Khorsheed disse que também estava a considerar casar a outra filha, de 10 anos, mas mostrou-se relutante em fazê-lo, pois esperava que ela pudesse sustentar a família no futuro, explicando: “Eu quero que ela estude mais, que seja capaz de ler e escrever, e falar inglês, e ganhar… Tenho esperança que esta minha filha apoie a família. Claro que, se não abrirem a escola, terei de a casar”.

 

Falta de acesso à educação

Os Talibãs continuam a impedir o acesso à educação da grande maioria das raparigas do ensino secundário. O seu regresso à escola, previsto para 23 de Março de 2022, foi de curta duração. Nesse dia, os Talibãs enviaram as raparigas para casa, alegando uma “questão técnica” relacionada com as suas fardas. Quatro meses mais tarde, os Talibãs continuam a negar o acesso das raparigas à educação.

Fatima*, uma professora de 25 anos que reside na província de Nangarhar, disse à Amnistia Internacional: “Estas jovens raparigas só queriam ter um futuro, e agora não vêem qualquer futuro à sua frente”.

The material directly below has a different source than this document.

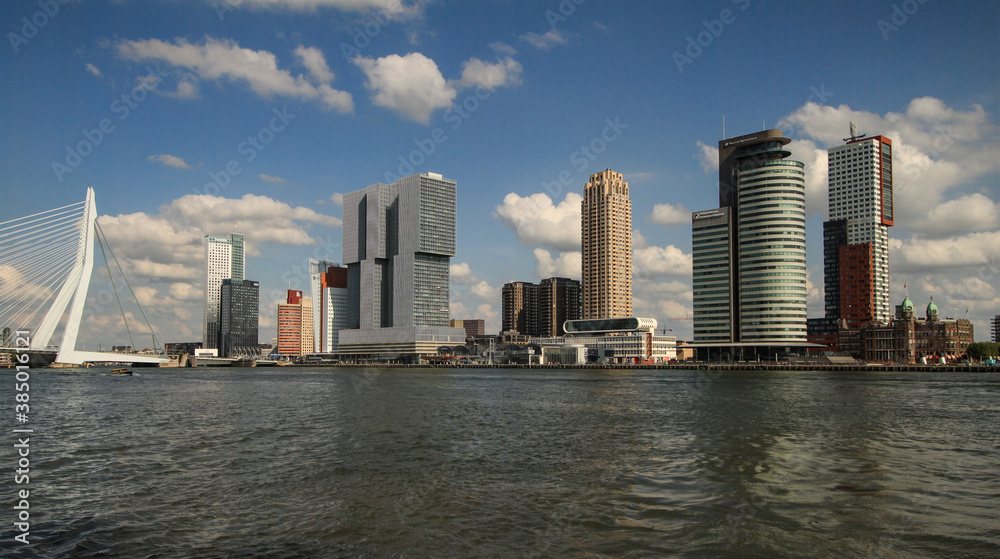 Boomtown Rotterdam; Blick über die Maas auf die Erasmusbrücke und die Uferfront am Kop van Zuid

A nível universitário, o assédio dos Talibãs a estudantes do sexo feminino – bem como as restrições ao comportamento, vestuário e oportunidades dos estudantes – criou um ambiente inseguro onde as estudantes são sistematicamente prejudicadas. Muitas estudantes deixaram agora de frequentar o ensino, ou decidiram não se inscrever na universidade.

Brishna*, uma estudante de 21 anos da Universidade de Cabul, disse à Amnistia Internacional: “Os guardas fora da universidade gritam-nos e dizem: ‘Arranja a tua roupa, o teu lenço… Porque é que os teus pés estão visíveis?’… O chefe do nosso departamento veio à nossa turma e disse-nos: ‘Tem cuidado – só te podemos proteger quando estás dentro do edifício da faculdade… Se os talibãs tentarem prejudicar-te ou assediar-te, não seremos capazes de os deter'”.

 

Responsabilidade da comunidade internacional

A Amnistia Internacional apela a que a comunidade internacional imponha consequências aos Talibãs pela sua conduta, tais como sanções específicas ou proibições de viagem aplicadas através de uma Resolução do Conselho de Segurança das Nações Unidas, ou utilize outras formas de influência que possam responsabilizar os Talibãs pelo tratamento dado às mulheres e raparigas sem prejudicar o povo afegão.

“Os Talibãs estão deliberadamente a privar milhões de mulheres e raparigas dos seus direitos humanos, sujeitando-as a discriminação sistemática”, disse Agnès Callamard.

“Se a comunidade internacional não agir, estará a abandonar as mulheres e raparigas no Afeganistão, e a minar os direitos humanos em todo o lado”.